The two lives of Angela Merkel
BERLIN (Reuters) – German conservative party headquarters is rocking. To the heavy thud of AC/DC, hundreds of young party members throng the foyer of Konrad Adenauer House in Berlin waving posters and talking over the music.
Music over, they listen with rapt attention and regular applause to Germany’s most popular politician — approval rating a record 74 percent — speak about passion and leadership. With Germany taking on a more assured and outspoken role in Europe, its economy moving into what the economy minister has called an “XL recovery”, and no national elections to worry about for three years, there’s every reason for Angela Merkel’s government to bask in the glow of success.
Unfortunately for the German chancellor, neither she nor her Christian Democratic Party (CDU) is the object of the chants and adulation at this rally of young conservatives on a Saturday afternoon in October. Instead, the calls — “KT! KT! KT!” — refer to Merkel’s debonair 38-year-old defence minister from the CDU’s smaller, more conservative Bavarian sister party, the Christian Social Union (CSU). “KT” is Karl-Theodor zu Guttenberg — or to give him his full dues, Karl Theodor Maria Nikolaus Johann Jacob Philipp Franz Joseph Sylvester, Baron von und zu Guttenberg. Pictures of Guttenberg and his wife Stephanie, the great-great-granddaughter of the “Iron Chancellor” Otto von Bismarck — architect of German unification in the 19th century — frequently decorate the covers of newspapers and magazines.
It may surprise many, especially those outside Germany, that the young noble is even considered a serious rival to the woman widely known as the new Iron Chancellor. But with the ruling coalition struggling in the polls, and some party insiders accusing her of weak leadership and a lack of enthusiasm, Merkel is beginning to look like a politician fighting for survival. In a Forsa survey in mid-October, 23 percent of respondents said Guttenberg would make a better chancellor than Merkel, with just 14 percent preferring the incumbent.
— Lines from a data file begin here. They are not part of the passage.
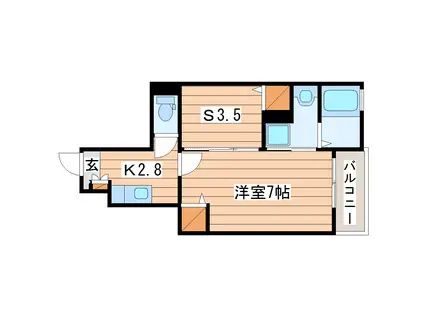 レジデンス スカイ(1SK/1階)の間取り写真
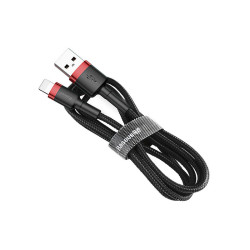 Kabel USB/Lightning 1m BASEUS iPhone 2,4A Czarno-Czerwony CALKLF-B19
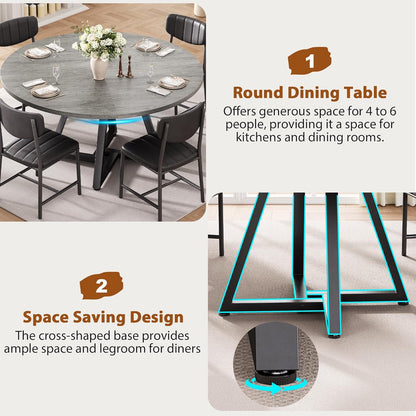 Jocoevol Round Dining Table Kitchen Dining Room Dinner Pedestal Table with Storage Shelf, Space Saving Wood Circle Industrial Furniture for Small Space (Grey, 51In)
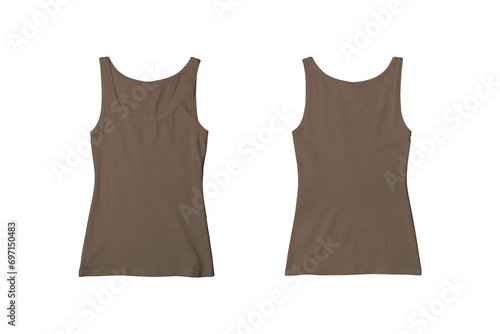 Woman Brown Ribbed Tank Top Shirt Front and Back View for Product Mockup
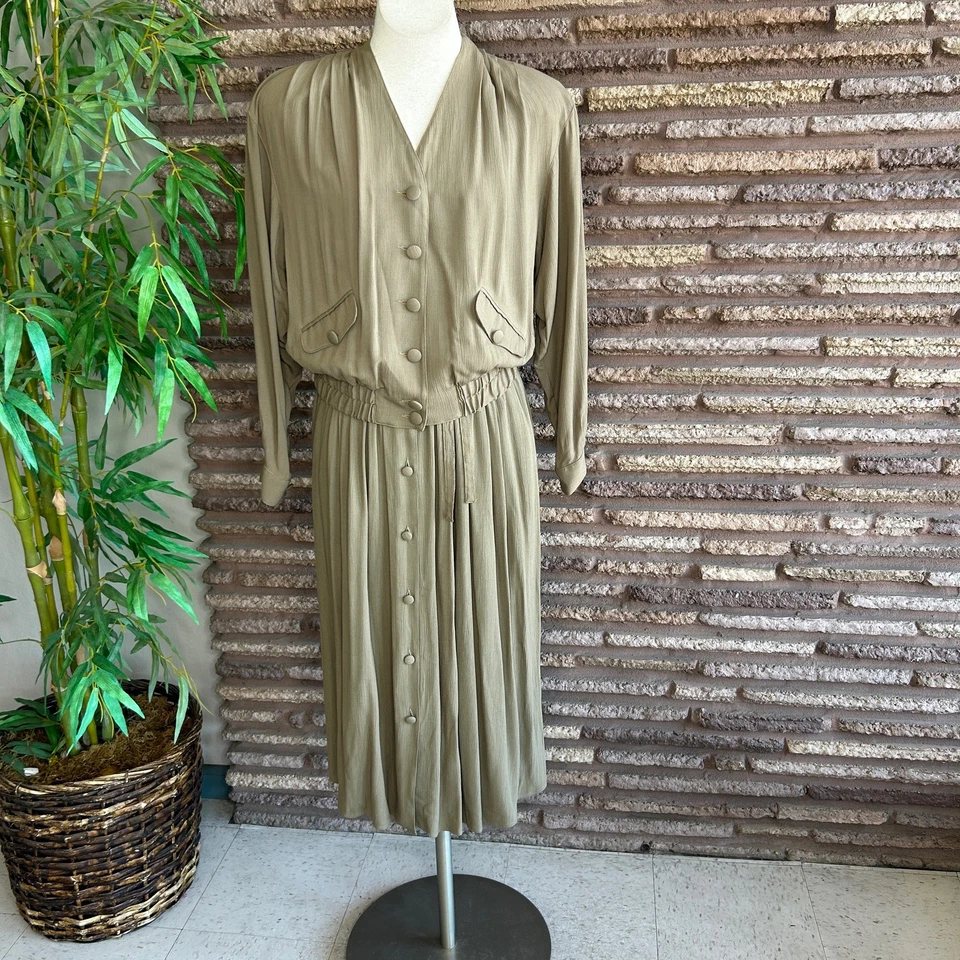 Conjunto Chaqueta Blusa y Falda Completa Carole Little Vintage Hecho en EE. UU. Talla 12 Foto 2 de 4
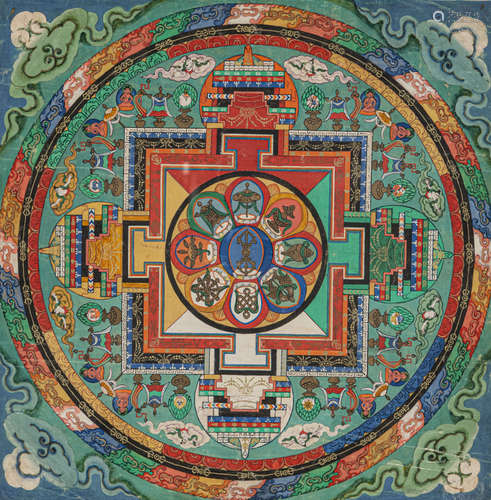 Neunfaches Mandala des Tathagata Akshobhya, Tempera und Gold...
More strikingly, nearly half the Germans polled saw no difference between the two leaders’ abilities — something of an insult to the 56-year-old chancellor, re-elected just a year ago and in the front line of German politics for almost two decades.
Guttenberg, who entered parliament just eight years ago, may turn out to be a flash in the pan. But his rise does highlight a contradiction about Angela Merkel: after five years as the most powerful person in Germany, her star seems to be waning at home even as it rises abroad. “There seem to be two Merkels — one abroad, one at home,” says Eberhard Sandschneider, research chief for the DGAP foreign policy think-tank. “It is a pattern in German politics and is similar to what her predecessors Helmut Schmidt and Helmut Kohl experienced.”
IRON CHANCELLOR OF EUROPE
In person, Merkel comes across as a supremely confident politician of growing global stature. Unemployment is at an 18-year low and Germany, unlike historic rivals France and Britain, has avoided the drastic austerity measures that have filled French streets with protesters and will chop almost half a million public-sector jobs in Britain. The economy, motoring along at 2.2 percent growth, looks likely to expand steadily from now until her second term ends in 2013. Germany’s growing assertiveness on the international stage has just been cemented by a new two-year turn on the United Nations Security Council.